Last weekend I paid visit to my favourite Hobby stores and brought back, as usual, few goodies.
Hobby Boss Merkava ARV
This was one of my most expected models to be coming to the stores these days. It is one of those models that few months ago no one even expected to see in plastic. The vehicle itself seems to be representation of one of the versions of the vehicle codenamed NAMER, which is sometimes classified as armoured personnel carrier.
Based on the inspection of the content of the box, I am quite pleased. The quality offered by Hobby Boss seems to be growing with each of their releases. The parts are molded in nice dark grey plastic – somehow I like it more than the beige used for the Merkava 4 kit. The level of detail is in my opinion also higher than on their previous kits, so the only thing that remains to be seen is the fit of the parts. The vehicle itself has number of stowage baskets which are very finely molded, though I believe aftermarket companies will be quick to offer photoetch replacements. The kit was already criticized for lack of detail and accuracy on the crane part. This part of the kit really seems a bit simplified as far as I can say, though I am by no means an expert on IDF vehicles.
I am already looking forward to build this one, unlike the Merkava MBT you are spared the assembly of the chain & ball armor…

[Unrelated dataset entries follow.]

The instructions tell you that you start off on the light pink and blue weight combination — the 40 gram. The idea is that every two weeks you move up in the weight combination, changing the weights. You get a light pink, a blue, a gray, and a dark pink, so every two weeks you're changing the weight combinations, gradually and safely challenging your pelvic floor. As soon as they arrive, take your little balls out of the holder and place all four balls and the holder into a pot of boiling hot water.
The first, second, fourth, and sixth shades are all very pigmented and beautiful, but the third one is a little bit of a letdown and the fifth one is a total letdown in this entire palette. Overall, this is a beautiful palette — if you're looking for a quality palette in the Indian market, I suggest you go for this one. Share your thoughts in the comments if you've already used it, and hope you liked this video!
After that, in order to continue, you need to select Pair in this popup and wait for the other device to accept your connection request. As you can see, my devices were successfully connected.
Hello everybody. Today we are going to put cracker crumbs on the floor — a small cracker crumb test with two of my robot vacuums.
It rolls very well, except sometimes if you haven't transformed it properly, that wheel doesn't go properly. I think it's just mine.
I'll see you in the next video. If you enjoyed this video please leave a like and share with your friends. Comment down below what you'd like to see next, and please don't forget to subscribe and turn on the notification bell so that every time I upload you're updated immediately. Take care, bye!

The only problem I have with this kit is its price – it retails for approximately $80, which is in my opinion little too much compared to other kits, especially some of the higher quality ones…
Bronco Marder IID
There was enough of superlatives written about this kit online and I think they are all well-earned. This kit combines ideal attributes – interesting and original subject, best-of-class level of detail, likely good fit of the parts (based on the other kits from Bronco I dare to claim this), clear and extensive instructions, number of marking options and, last but not least, fair price.
Now beware – this is not going to be simple build. I have counted 21 sprues and of course you have large photoetch sheet. Some of the photoetch parts will require carefull bending (and most likely some good tools to do this).

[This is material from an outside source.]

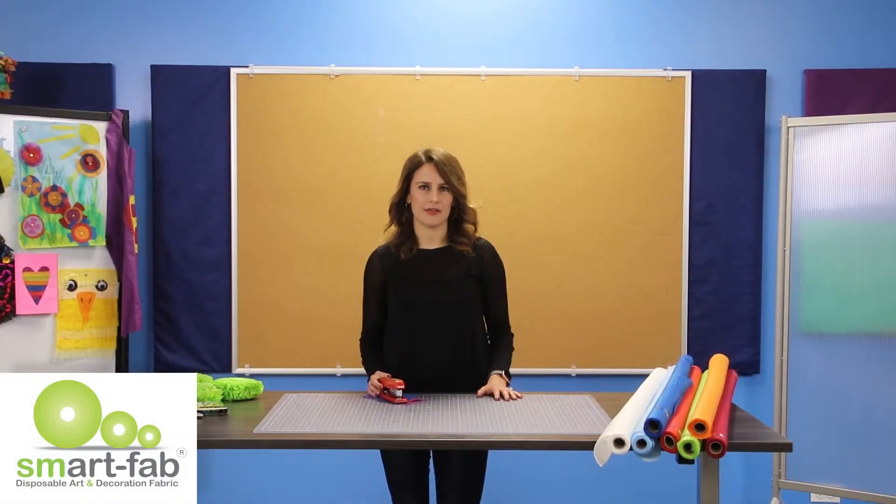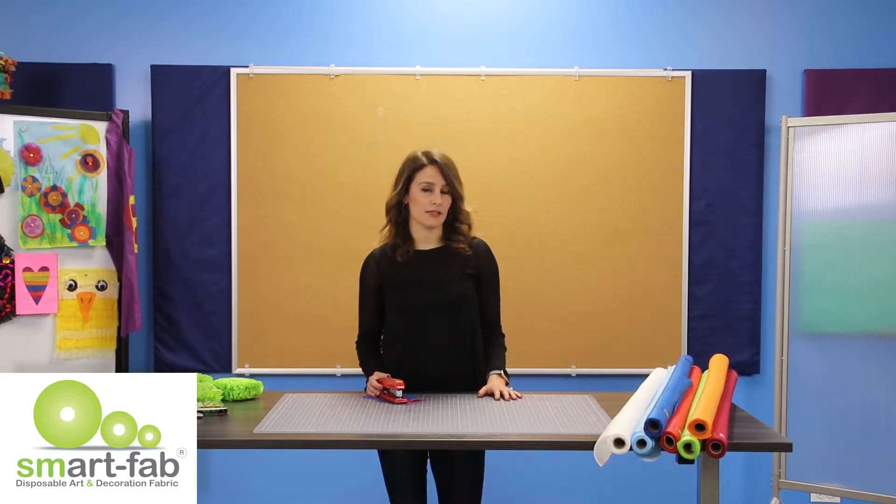Hi, I'm Katie Lindgren. Thanks for joining us today. We're going to be putting together a bulletin board using small pieces of SmartFab that each student decorates and puts together in a collaborative effort.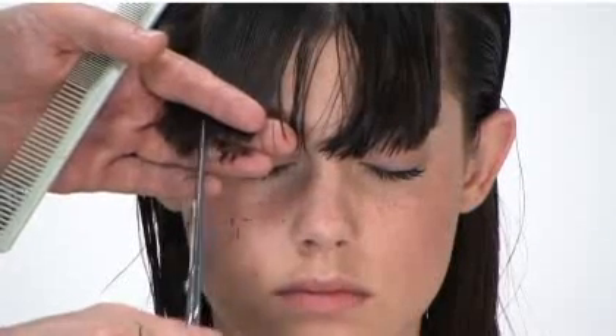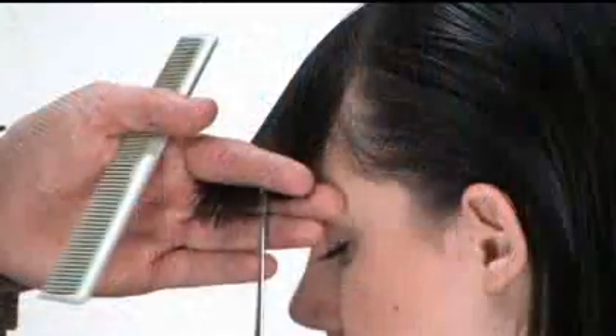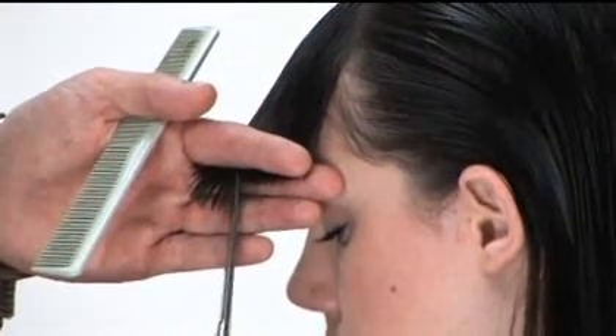Now we're going to show you how the styling wax will create soft hold, separation and shine. With Raquel, I'd given her a classic little box bob with bangs and then we gave it a curling iron set.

With 34 steps, instructions are a small book by itself, however the layout is clear and concise (unlike instructions such as those from Dragon which sometimes feel like a puzzle). There are 7 markings options provided, so whether you’re a fan of German grey, yellow or camo finishes, you should be able to find the one you like among them.

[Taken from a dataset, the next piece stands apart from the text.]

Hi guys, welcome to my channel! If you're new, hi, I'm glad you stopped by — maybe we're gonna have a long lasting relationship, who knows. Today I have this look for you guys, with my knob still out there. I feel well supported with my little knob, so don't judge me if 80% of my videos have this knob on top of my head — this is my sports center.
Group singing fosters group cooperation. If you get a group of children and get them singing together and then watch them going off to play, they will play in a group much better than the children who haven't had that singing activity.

Tracks are going to take some time as they are all molded on 4 sprues, so will take some time to cut and clean. Frankly I think I would save the time and go for Friul or Modelkasten replacements…
During my recent projects (Pershing and M1A1) I was wrestling with problems related to the quality of the tracks. I felt that maybe it is time to build something without a tracks for a change. About the same time I have found a great build pictures from Przemyslaw Mrozek – you can find it on his blog (here) or Armorama forum (here). The subject is the newest kit from Ukrainian producer ICM. I was so inspired by his model, that I decided to give it a try myself.
I haven’t built anything from ICM yet, so I am quite curious what the kit will be like. The kit is really not overly complicated, but still has very nice details. Molding seems to be nicely done, without any issues noted so far. Instructions basically cover 5 pages and indicate the process of construction should be straightforward.